Collected data
───
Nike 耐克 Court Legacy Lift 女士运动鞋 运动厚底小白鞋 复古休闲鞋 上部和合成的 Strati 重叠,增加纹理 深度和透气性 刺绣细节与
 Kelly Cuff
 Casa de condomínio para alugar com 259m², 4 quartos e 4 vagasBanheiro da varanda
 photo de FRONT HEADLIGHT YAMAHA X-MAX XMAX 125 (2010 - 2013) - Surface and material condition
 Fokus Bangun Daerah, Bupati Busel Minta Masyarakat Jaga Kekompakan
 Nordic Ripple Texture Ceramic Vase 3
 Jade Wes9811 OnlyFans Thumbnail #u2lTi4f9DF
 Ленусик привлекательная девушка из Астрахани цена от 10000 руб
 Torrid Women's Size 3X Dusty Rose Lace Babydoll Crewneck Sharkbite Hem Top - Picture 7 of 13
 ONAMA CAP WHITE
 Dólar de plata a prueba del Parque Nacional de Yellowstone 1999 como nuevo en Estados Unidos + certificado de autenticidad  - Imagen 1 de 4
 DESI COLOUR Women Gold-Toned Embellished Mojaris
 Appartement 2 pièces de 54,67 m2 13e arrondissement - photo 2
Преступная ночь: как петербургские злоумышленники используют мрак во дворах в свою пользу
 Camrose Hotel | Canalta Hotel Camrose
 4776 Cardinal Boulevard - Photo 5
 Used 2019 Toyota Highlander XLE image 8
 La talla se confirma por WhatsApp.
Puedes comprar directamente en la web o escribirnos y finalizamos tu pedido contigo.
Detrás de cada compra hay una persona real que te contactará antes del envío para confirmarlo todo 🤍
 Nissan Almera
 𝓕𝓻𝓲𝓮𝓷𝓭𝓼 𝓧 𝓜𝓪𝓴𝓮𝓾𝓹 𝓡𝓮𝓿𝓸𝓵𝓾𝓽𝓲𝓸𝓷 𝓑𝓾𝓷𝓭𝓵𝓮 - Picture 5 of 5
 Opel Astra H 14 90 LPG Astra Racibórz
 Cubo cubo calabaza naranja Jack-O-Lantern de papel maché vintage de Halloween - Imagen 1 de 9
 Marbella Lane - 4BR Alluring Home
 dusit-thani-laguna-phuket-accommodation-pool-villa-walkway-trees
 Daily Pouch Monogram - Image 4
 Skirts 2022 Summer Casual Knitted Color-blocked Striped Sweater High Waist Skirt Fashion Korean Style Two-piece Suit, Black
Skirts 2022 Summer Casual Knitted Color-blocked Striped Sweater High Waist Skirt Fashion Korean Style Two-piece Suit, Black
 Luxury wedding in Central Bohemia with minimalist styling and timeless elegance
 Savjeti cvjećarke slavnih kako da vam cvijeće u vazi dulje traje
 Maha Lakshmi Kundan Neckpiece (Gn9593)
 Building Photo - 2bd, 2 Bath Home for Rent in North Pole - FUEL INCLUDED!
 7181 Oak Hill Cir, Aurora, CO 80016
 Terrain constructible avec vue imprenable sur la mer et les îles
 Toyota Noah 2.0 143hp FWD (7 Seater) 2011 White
───
_What you need to do_
Where a line above contains the string "Skirt", copy that line.

_Answer to this exercise_
 Skirts 2022 Summer Casual Knitted Color-blocked Striped Sweater High Waist Skirt Fashion Korean Style Two-piece Suit, Black
Skirts 2022 Summer Casual Knitted Color-blocked Striped Sweater High Waist Skirt Fashion Korean Style Two-piece Suit, Black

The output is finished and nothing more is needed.